Freedom to Roam

by Eva
Marer

“Do you have a Palm?” asked the marketer hopefully, eager to demonstrate
the new thin client software touted on the colorful banner behind him.

“How ’bout a cell phone?” asked one intrepid Web broadcaster, snapping
open his Motorola TalkAbout. The marketer looked stricken, but quickly
recovered. Putting his best foot forward, he aimed the miniature display
of his own PalmVII at the throng. A couple of techies lingered, but most
of the Web producers, trade reporters, and assorted industry geeks gathered
at the New York New Media Association’s monthly cyber-event shrugged and
headed inside, where the guarantee of free food and booze seemed to outweigh
the uncertain promise of the tiny screen.

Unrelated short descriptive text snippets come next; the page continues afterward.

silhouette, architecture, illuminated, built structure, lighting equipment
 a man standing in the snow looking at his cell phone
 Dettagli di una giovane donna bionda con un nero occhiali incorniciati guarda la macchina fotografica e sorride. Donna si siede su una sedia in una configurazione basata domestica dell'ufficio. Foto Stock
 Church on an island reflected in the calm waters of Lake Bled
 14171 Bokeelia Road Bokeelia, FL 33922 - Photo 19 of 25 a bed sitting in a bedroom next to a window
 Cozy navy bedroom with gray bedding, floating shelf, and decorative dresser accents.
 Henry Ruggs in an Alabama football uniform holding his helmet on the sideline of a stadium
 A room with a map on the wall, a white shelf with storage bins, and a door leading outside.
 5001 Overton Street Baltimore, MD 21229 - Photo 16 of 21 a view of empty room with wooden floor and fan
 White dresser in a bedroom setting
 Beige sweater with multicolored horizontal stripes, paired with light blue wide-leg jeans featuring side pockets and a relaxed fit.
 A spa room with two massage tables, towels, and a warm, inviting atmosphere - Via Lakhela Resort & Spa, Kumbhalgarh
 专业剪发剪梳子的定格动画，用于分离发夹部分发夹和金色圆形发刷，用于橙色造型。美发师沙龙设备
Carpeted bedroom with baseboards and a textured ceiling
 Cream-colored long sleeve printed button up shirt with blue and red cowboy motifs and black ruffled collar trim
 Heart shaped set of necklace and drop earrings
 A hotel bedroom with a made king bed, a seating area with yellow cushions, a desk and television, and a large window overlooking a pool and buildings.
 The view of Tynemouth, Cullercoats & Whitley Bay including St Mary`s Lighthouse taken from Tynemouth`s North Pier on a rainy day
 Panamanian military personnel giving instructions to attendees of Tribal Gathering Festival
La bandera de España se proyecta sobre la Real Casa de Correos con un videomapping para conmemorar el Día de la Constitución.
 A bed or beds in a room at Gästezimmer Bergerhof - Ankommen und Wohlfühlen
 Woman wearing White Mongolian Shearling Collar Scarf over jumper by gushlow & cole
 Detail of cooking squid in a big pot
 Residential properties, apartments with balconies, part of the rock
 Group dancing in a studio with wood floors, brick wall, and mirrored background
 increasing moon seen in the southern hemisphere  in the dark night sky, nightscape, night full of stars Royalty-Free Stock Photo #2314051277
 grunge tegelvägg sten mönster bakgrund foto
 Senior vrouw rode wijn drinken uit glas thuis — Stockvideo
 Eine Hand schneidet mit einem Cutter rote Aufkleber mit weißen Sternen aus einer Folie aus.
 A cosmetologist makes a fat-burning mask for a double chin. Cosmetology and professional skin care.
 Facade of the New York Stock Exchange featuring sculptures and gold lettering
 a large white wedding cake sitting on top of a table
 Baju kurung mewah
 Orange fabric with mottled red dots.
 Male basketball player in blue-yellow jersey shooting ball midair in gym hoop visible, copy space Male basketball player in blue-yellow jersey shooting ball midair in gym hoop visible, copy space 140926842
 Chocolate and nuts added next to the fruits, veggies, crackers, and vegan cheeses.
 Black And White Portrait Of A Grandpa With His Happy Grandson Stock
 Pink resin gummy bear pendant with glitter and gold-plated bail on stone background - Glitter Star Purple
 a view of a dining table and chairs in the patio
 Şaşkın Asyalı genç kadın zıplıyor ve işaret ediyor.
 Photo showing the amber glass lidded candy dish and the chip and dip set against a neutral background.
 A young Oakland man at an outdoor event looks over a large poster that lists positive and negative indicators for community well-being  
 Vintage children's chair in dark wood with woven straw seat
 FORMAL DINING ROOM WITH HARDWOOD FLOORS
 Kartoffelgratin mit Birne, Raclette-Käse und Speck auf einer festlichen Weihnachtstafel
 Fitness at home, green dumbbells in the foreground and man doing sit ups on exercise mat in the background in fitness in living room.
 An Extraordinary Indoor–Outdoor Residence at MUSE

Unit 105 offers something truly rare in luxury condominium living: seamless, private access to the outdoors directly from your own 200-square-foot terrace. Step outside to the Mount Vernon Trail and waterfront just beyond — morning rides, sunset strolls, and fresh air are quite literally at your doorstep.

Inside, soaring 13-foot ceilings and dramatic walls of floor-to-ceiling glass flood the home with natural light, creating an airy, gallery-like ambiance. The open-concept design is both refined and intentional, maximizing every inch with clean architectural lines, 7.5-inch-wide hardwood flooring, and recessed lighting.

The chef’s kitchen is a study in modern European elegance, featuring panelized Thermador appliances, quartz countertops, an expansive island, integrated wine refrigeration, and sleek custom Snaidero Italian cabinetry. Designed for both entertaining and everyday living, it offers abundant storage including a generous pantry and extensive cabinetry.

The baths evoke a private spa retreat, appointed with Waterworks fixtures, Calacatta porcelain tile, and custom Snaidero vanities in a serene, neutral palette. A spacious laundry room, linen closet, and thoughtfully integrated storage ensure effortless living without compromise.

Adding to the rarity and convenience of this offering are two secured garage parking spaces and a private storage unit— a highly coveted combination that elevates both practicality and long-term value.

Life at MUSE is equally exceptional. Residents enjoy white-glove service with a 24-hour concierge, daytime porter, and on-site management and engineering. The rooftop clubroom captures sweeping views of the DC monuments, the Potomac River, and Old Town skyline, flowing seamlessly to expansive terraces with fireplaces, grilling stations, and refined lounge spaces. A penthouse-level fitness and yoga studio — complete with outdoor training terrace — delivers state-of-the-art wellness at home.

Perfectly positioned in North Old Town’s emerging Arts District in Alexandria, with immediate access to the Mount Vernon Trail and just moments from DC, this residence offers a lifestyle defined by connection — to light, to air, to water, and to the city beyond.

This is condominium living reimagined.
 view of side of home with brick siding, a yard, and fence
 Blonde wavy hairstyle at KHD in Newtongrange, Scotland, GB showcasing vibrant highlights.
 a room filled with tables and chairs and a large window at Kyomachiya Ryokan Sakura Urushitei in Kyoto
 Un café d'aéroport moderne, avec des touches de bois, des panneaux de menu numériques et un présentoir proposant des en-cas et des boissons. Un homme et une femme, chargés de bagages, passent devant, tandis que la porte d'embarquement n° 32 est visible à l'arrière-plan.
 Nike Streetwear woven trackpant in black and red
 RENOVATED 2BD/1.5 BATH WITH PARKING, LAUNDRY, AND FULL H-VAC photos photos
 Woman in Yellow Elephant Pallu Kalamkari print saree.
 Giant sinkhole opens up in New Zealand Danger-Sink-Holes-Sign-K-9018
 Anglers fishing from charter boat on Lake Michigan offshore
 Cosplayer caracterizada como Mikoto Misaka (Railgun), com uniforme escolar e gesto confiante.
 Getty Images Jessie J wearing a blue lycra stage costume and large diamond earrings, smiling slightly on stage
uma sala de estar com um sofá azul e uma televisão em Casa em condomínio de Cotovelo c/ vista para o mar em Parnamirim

The marketer’s dilemma — the pressure to sell applications to a
market in which no single form factor or standard exists — neatly
sums up the state of the wireless industry today. “A lot of companies
are promoting wireless B2B applications they don’t even have in beta yet,”
says David Bilotti, senior marketing communications director at Wireless
Knowledge LLC in San Diego, a two-year-old joint venture between Microsoft
and Qualcomm Inc. As a result, he says, the products being offered may
not work, let alone be available when promised.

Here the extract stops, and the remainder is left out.